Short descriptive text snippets
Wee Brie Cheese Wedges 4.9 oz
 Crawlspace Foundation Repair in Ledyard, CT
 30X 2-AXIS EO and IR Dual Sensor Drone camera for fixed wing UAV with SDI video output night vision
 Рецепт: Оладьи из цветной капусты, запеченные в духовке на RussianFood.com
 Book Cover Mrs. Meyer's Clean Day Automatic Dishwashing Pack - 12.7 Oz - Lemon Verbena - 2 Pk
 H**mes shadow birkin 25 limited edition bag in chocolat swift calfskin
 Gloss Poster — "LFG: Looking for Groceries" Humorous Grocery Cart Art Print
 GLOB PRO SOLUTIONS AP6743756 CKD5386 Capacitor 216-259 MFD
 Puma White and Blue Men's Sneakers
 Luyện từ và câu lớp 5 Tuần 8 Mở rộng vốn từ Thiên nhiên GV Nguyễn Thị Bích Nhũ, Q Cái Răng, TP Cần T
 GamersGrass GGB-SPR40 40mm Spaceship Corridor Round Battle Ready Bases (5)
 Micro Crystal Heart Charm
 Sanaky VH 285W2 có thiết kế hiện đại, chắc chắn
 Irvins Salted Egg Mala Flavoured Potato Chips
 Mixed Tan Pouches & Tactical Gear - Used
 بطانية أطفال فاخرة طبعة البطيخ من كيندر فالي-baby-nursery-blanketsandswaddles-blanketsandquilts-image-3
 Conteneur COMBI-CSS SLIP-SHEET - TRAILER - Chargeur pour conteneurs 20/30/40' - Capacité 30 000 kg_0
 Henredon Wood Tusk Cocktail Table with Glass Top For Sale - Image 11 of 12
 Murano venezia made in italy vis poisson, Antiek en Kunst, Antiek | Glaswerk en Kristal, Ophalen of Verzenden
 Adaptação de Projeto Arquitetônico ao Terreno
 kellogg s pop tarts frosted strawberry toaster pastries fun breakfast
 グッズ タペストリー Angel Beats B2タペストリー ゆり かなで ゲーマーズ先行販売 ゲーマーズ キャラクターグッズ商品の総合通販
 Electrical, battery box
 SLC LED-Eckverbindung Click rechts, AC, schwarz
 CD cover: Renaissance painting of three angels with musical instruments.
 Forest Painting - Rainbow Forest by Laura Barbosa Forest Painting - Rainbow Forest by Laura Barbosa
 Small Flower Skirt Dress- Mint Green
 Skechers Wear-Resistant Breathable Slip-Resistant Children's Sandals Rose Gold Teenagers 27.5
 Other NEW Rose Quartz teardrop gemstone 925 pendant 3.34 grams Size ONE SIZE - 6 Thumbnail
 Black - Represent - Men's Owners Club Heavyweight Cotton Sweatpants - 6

Requirement → Could you copy every line from the records that has "with" in it?

Output of the exercise →
 30X 2-AXIS EO and IR Dual Sensor Drone camera for fixed wing UAV with SDI video output night vision
 Henredon Wood Tusk Cocktail Table with Glass Top For Sale - Image 11 of 12
 CD cover: Renaissance painting of three angels with musical instruments.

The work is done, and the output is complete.